* INFORMATION
________________________________________

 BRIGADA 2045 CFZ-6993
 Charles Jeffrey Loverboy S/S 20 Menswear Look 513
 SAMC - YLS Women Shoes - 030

________________________________________

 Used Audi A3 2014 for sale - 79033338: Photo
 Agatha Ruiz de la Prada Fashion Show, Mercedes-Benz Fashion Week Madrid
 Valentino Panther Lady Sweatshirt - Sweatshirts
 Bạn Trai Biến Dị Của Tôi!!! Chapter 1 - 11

________________________________________

* TASK OBJECTIVE
What are the lines, exactly as written above, from the line with "BRIGADA 2045 CFZ-6993" to the line with "SAMC - YLS Women Shoes - 030", both included? Output only those.

* EXERCISE OUTPUT
 BRIGADA 2045 CFZ-6993
 Charles Jeffrey Loverboy S/S 20 Menswear Look 513
 SAMC - YLS Women Shoes - 030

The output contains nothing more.